Assassin Hou-Hsiao-Hsien
(HK- China 2015) Shu Qi; Chang Chen
Viewed: 2 Feb 2016 Tyneside Cinema Newcastle; ticket £8.75
Smoke and mirrors
Hou’s movie at first seemed like an unfocused fairy tale, but later as I thought about it, it was more like a realisation of an I Ching hexagram or series of hexagrams. The idea of making a film that aspires to an expression of the chance fall of the yarrow stalks seems in tune with Hou’s sensibilities.
And Assassin with its use of landscape in a manner imaged and described in the I Ching hexagrams, is visually suggestive and receptive to the gaze of the viewer. Landscapes of course are flavour of the month in the movie business, nobody is making films these days without showing the depth of their alignment with nature by boring us with long pretentious camera shots, gazings at ‘scapes.’
Hou however coming from the left field tradition of Chinese landscape symbolism, makes these shots work in a way that neither Tarantino nor Inarritu can even approach.

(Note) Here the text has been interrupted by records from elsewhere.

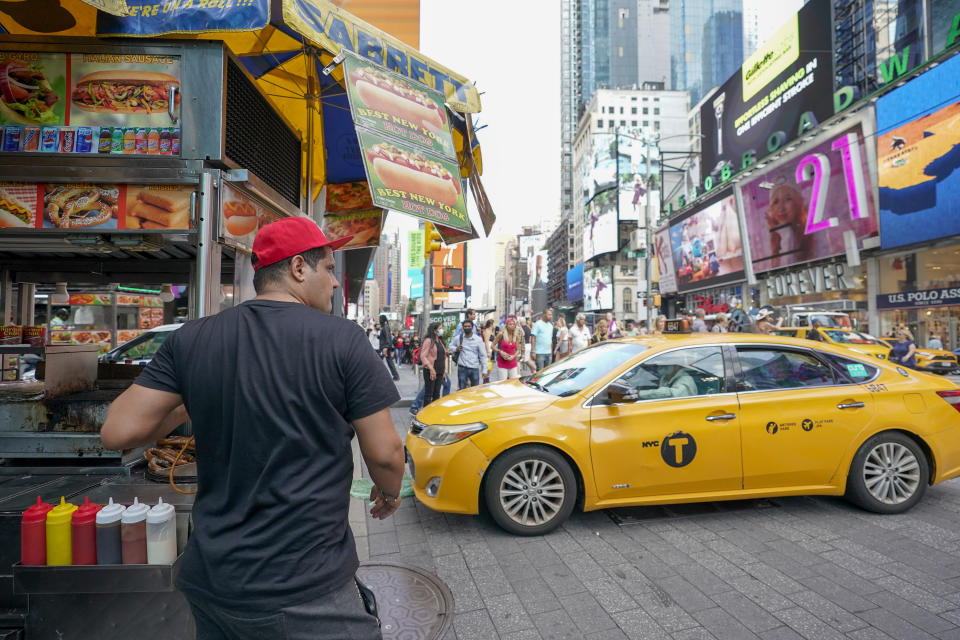 Youssef Mohamed moves his hot dog cart into his spot on 45th Street in New York's Times Square, Wednesday, Sept. 14, 2022. It's becoming clearer that New York City's recovery from the pandemic will be drawn out and that some aspects of the city's economic ecosystem could be changed for good. More workers returned to their offices as the summer ended. But those limited numbers mean continued hardship for New Yorkers whose jobs are built around the commuting class. (AP Photo/Mary Altaffer)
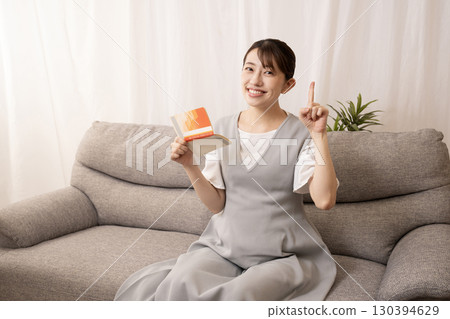 An eight-month pregnant woman sitting on a sofa and holding a bankbook An eight-month pregnant woman sitting on a sofa and holding a bankbook 130394629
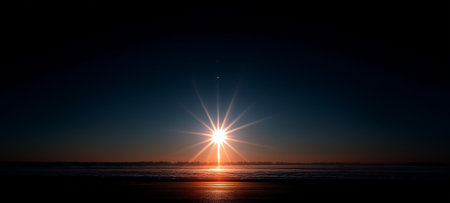 A beautiful sunset with rays reflecting over the tranquil surface of the oceanの素材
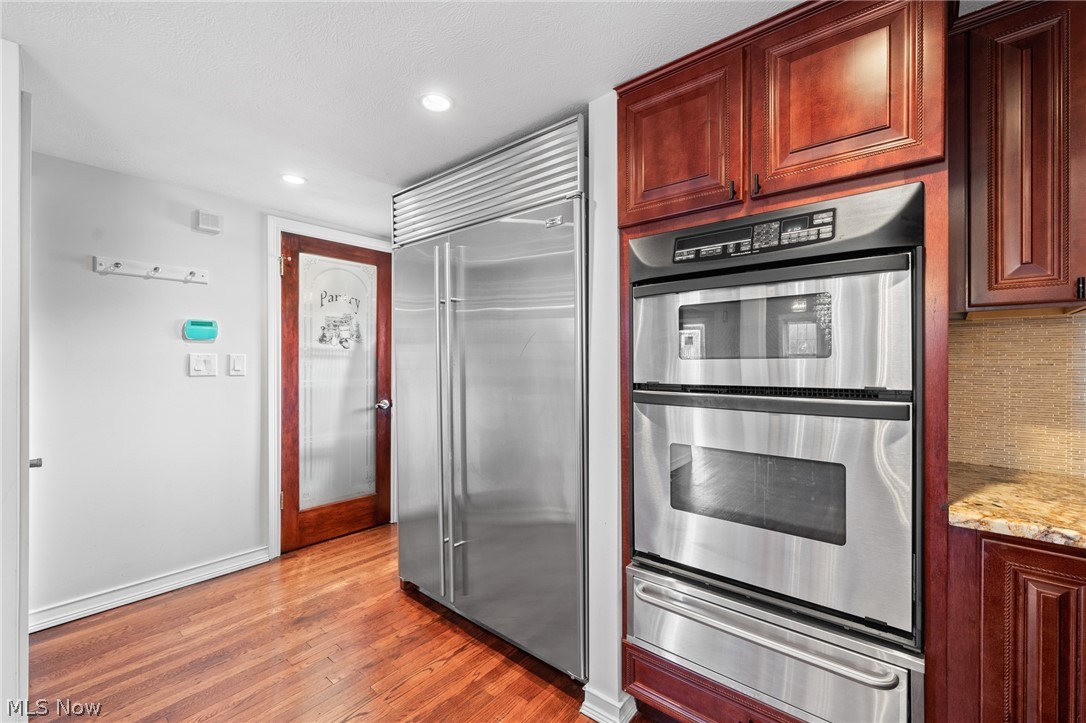 Kitchen with stainless steel refrigerator and double wall ovens, dark wood cabinets, and hardwood floors.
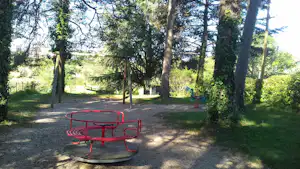 Roter Karussell-Spielplatz auf Kiesfläche, im Hintergrund Schaukelgestell und Bäume im Campinggelände.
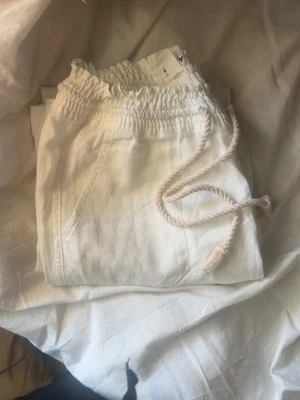 Vita linnebyxor från Roxy - Säljer ett par vita linnebyxor från Roxy med bred resår i midjan och snörning framtill💕, dom är helt nya och enbart testade, säljer pga för små och är för korta då ja är 170💕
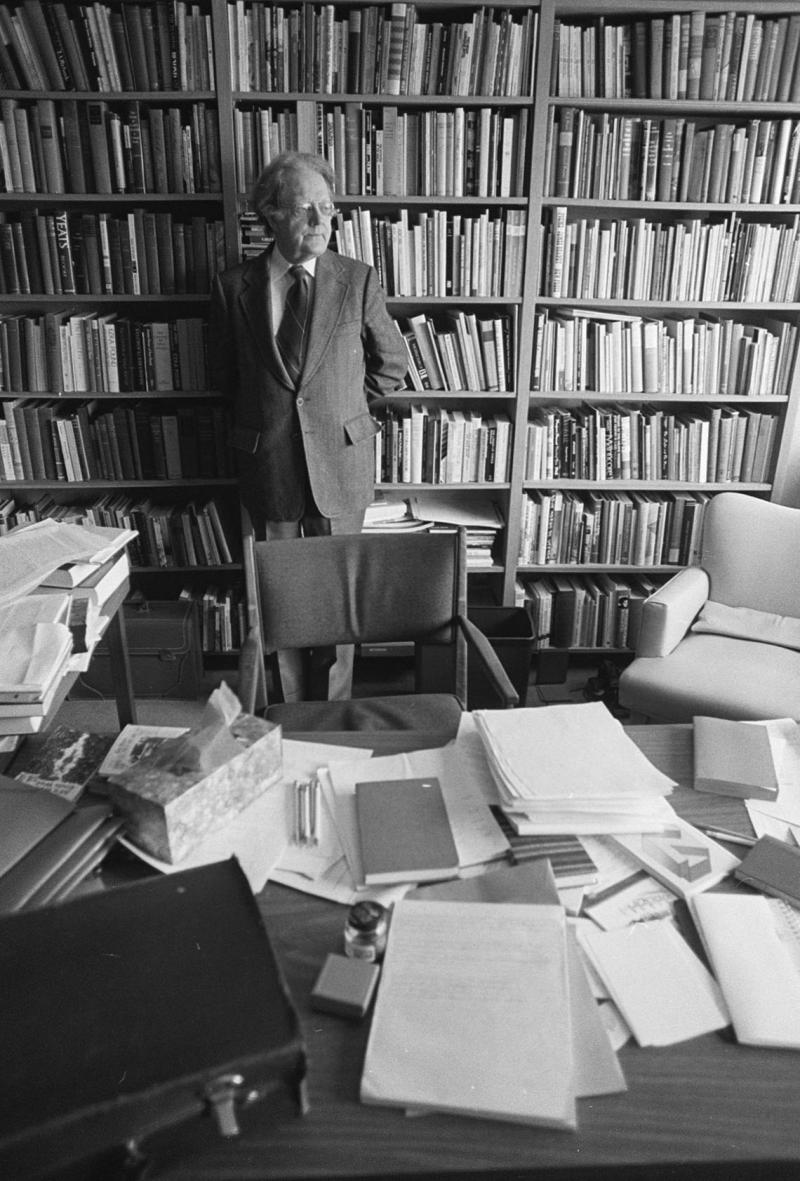 Northrop Frye stands with his back to a huge, crowded bookshelf. In front of him is a desk piled with books and papers.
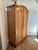 Vintage European pine armoire with newly added interior shelving and ball feet. Interior features solid wood shelves...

The shots call up states of mind, resonating with the underlying contemplative nature of his film and the symbolic relations suggested.
Of course the idea that the I Ching hexagrams shape sections of Hou’s movie is probably my own projection, but nevertheless hexagrams aside, there is a strong Chinese lore relating landscape to awareness insight and inspiration, and Hou draws on this in folding scapes into Assassin.
Just for the hell of it I looked up one hexagram of mountain over lake, and was informed as follows:
Mountain over Lake. At the foot of the mountain, the lake The image of decrease. The superior man controls his anger and restrains his instincts.
Coincidence or not the above description carries something of the motif underlying the narrative shaping the film’s form.
I haven’t seen many of Hou’s films: Good Man Good Woman, Daughter of the Nile spring to mind. From what I have seen Hou’s films work through elliptical relations between people. He is not interested in the soap opera style of crude motivational matrixes that comprise most of Hollywood and Europe’s current scripting output. Understatement and ambiguities lie at the heart of his scenarios. But I think Assassin as an attempt to transpose this sensibility of relations on to fairy tale like or mythic form, doesn’t work. Whether I Ching or fairy/myth story the forces put in play are archetypes, and the states of mind that interest Hou and seem endemic in his scripting, are not archetypal, and don’t sit comfortably with the film’s main characters. His characters, the eponymous Assassin and her quarry never escape a certain woodenness in the expressions of their roles, a mechanicality that contradicts the relational ambiguities that are part of the script.
It doesn’t actually matter that, to my understanding, the details of the script were ungraspable. It matter’s more that Shu Qi’s ‘good assassin’ character never expresses any clarity of intention in relation to her actions. She utters reasons for her behaviour but they remain at the level of utterances, she fails to deliver any suggestion of an internality, a drive at the heart of her role. This I suspect is not her doing but the script and Hou’s doing. As if he wanted to replace projected internalisation with externalisations of acting and shooting style. For instance Shu Qi as actress is simply asked to revert to that old film acting stand-by of: ‘staring out’ with severe intent, eyes hard and unblinking at crucial moments in the film. This is an old directorial resort: keep the audience on the surface of the eye and dupe them in thinking the shot has meaning. But the repetition of this look incurs decreasing returns, and finally reduces to a meaningless cliché.
Aside from the landscape shots which have power in respect of suggesting underlying forces, Hou with his story looks to the shooting style, décor make up and shot set up as a means to work in the suggestion of some deeper level of sensability at work in the scenario. So we have long beautiful if sometimes tendentious tracking shots through diaphanous drapes, gorgeous red shots, wonderful cozzies, fabuolous haircuts, reflections, scenes with a bewhiskerd necromancer who looks like an escapee from Lord of the Rings. But none of these types of shots do anything more than extend the surface of the movie. And the surface of this movie compared to other of Hou’s films I have seen is a mechanical tread through his fairy tale like material. Lacking Hou’s attention to emotionally ambiguous relations, it is a film that fails deliver anything more than vacuous spectacle which is of course grist to the mill of the movie industry.
The film’s style seems a deliberate effort to compensate for the script’s weakness. Hou does not understand how to marshal integrate or summon forces he sets into play. Like an old magician Hou resorts to smoke and mirrors to disguise the contradictions that he cannot reconcile in his material; and smoke and mirrors is not a hexagram.